> _EXERCISE DIRECTIONS_:
Output the records below verbatim, minus the pictures.

+++ STORED DATA +++

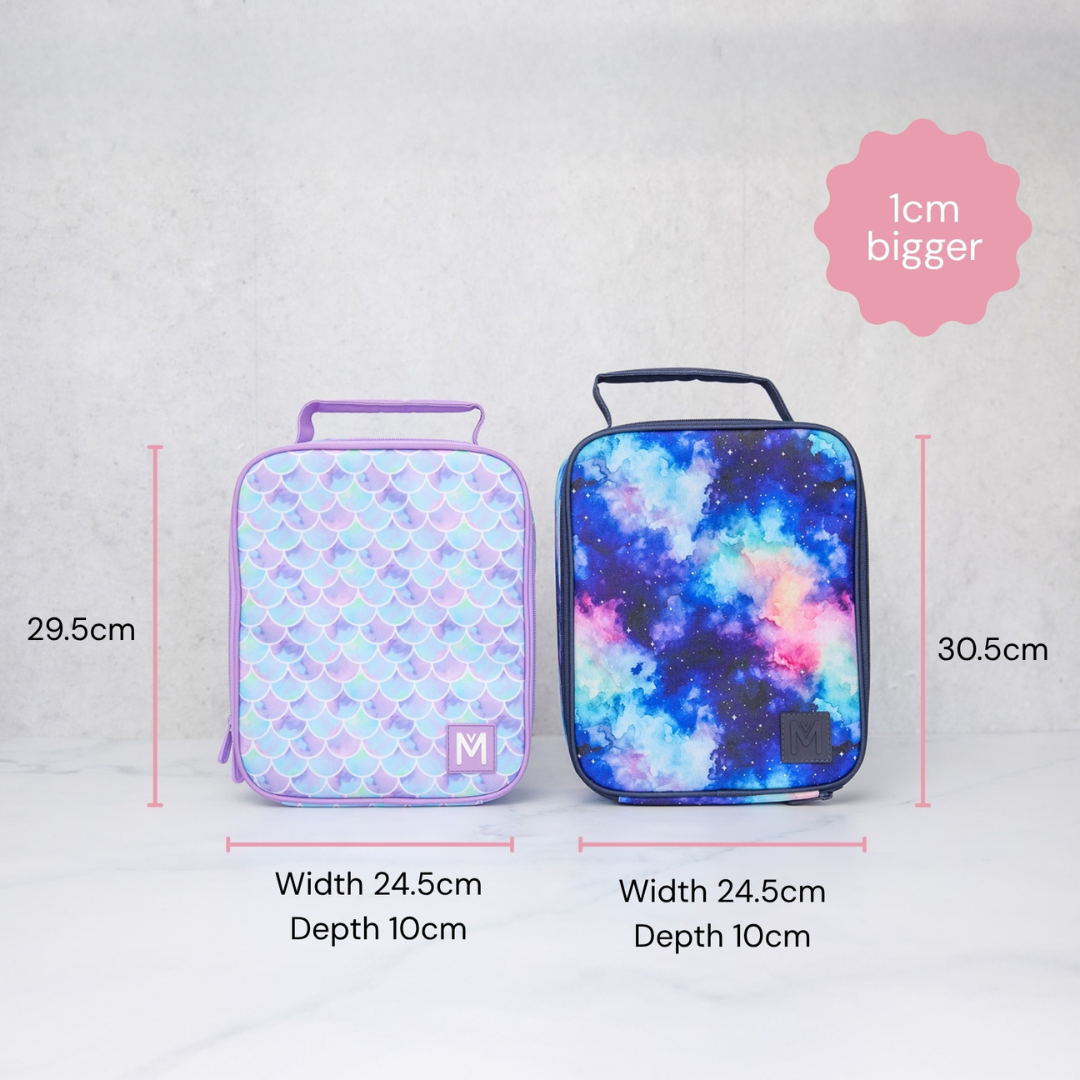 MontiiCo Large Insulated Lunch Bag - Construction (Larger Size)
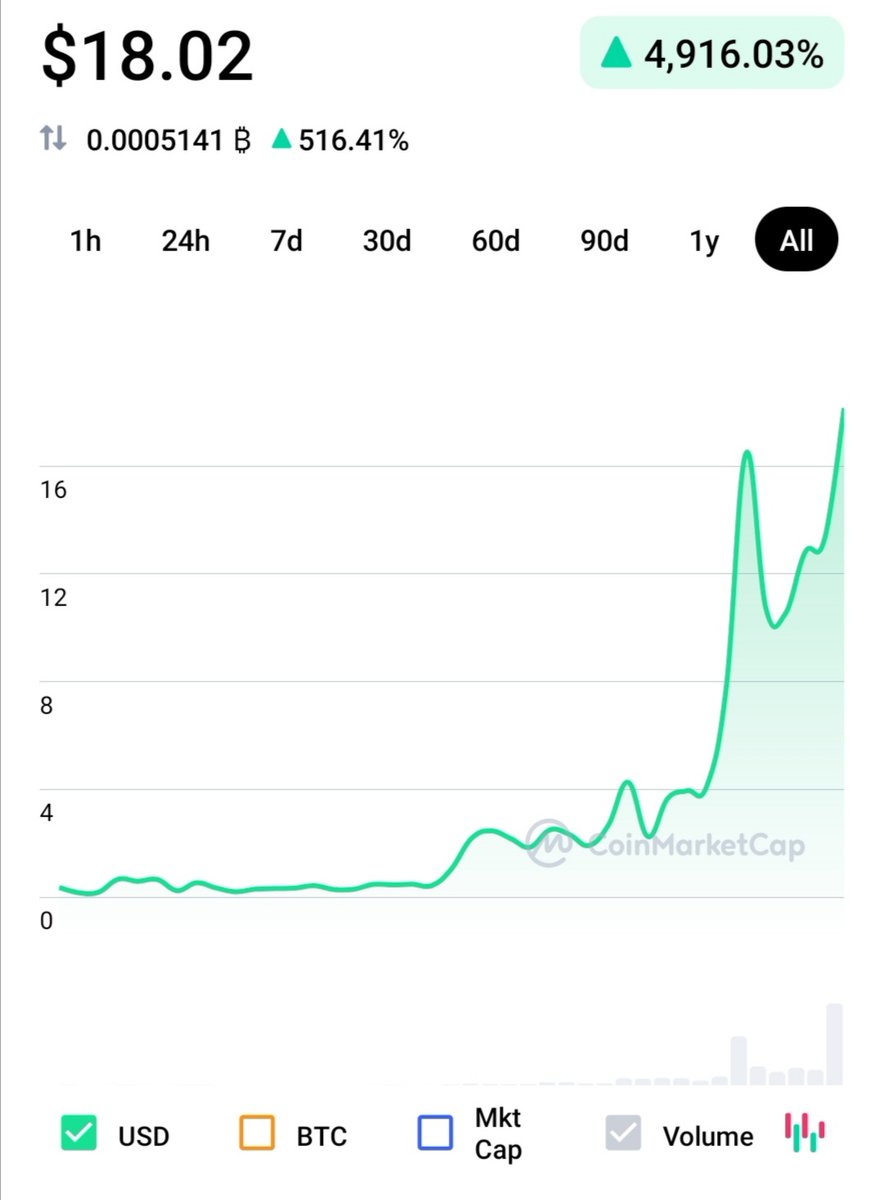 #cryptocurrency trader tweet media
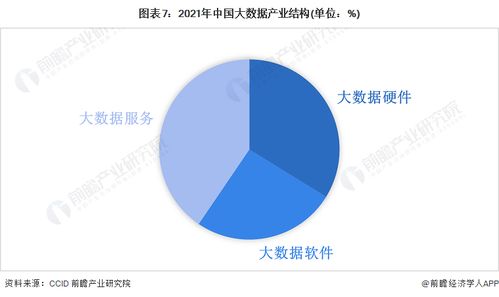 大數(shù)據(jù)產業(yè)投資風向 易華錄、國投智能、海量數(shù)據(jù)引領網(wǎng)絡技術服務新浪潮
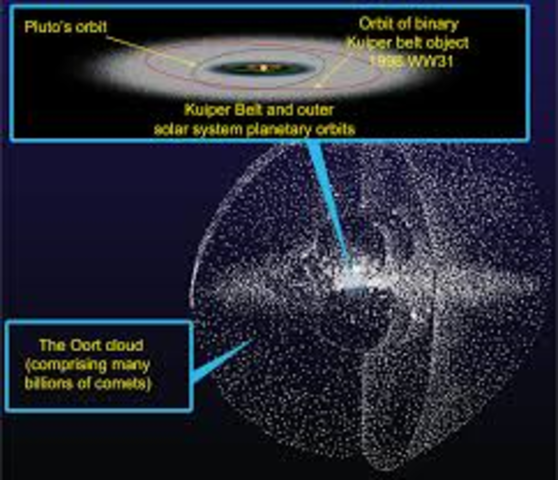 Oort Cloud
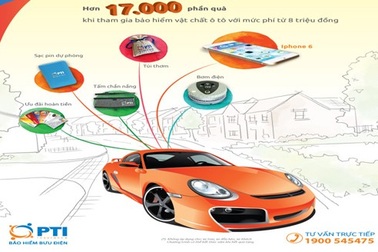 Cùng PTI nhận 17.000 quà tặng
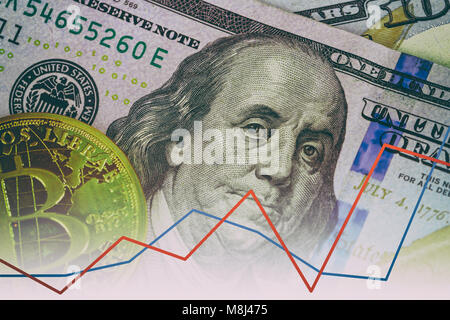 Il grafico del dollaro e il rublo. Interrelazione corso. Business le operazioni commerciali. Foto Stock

+++

> _OUTPUT FOR THIS TASK_:
 MontiiCo Large Insulated Lunch Bag - Construction (Larger Size)
 #cryptocurrency trader tweet media
 大數(shù)據(jù)產業(yè)投資風向 易華錄、國投智能、海量數(shù)據(jù)引領網(wǎng)絡技術服務新浪潮
 Oort Cloud
 Cùng PTI nhận 17.000 quà tặng
 Il grafico del dollaro e il rublo. Interrelazione corso. Business le operazioni commerciali. Foto Stock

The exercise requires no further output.